What does this have to do with the guy I met on the sidewalk?
I don’t know. But sometimes I wonder why I’m the guy who has a pocketful of change, and he’s the guy who wants some.
I’m not religious, but I’ve heard this text: “Consider the lilies of the field, how they grow; they toil not, neither do they spin.”
It’s from Matthew, Chapter 6, if you are wondering. I Googled it.
I’m not entirely sure what it means. It could be seen as a justification for the status quo. There are the haves. There are the have nots. If you’re a lily, you’re lucky. If not… too bad.
It could be saying that all of man’s striving is futile and meaningless.
Or maybe it’s saying who we are is more important than what we do. Or what we have. Or what we want. Or what we worry about.

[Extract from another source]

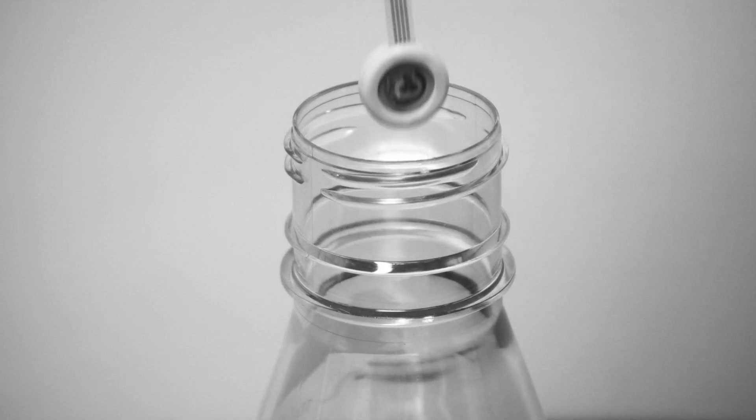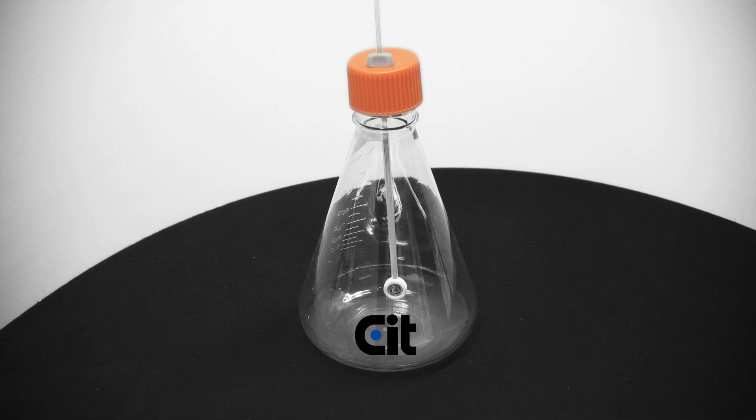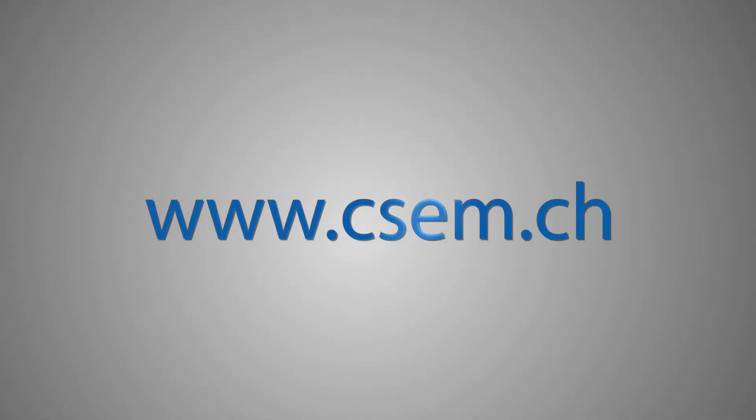These sensors are designed for the parallel monitoring of metabolites in cell culture assays. From design to fabrication, CSCM offers the complete development process for printed sensors. Our flexible sensors anticipate industry's needs.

It’s something to think about.
A friend, yet another friend, posted on Facebook a quote by Stephen Jay Gould: “I am, somehow, less interested in the weight and convolutions of Einstein’s brain than in the near certainty that people of equal talent have lived and died in cotton fields and sweatshops.”
That’s something to think about, too.
I remind myself to make sure I have change in my pocket in case I see that guy again.
What’s two bucks? Not much to me.
Probably a whole lot to him — even if he does just use it to buy a beer.